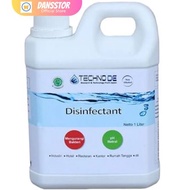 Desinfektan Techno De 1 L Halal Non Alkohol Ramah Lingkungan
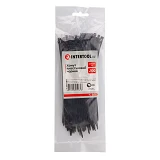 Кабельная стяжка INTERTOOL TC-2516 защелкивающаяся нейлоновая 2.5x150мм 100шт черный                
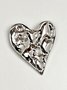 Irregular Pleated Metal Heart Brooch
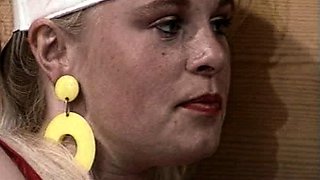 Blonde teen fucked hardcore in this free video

| TRY IT |
What is needed is a verbatim copy of the lines from the line with "Irregular Pleated Metal Heart Brooch" through the last line of the listing, pictures excluded.

| OUTPUT OF THE TASK |
 Irregular Pleated Metal Heart Brooch
 Blonde teen fucked hardcore in this free video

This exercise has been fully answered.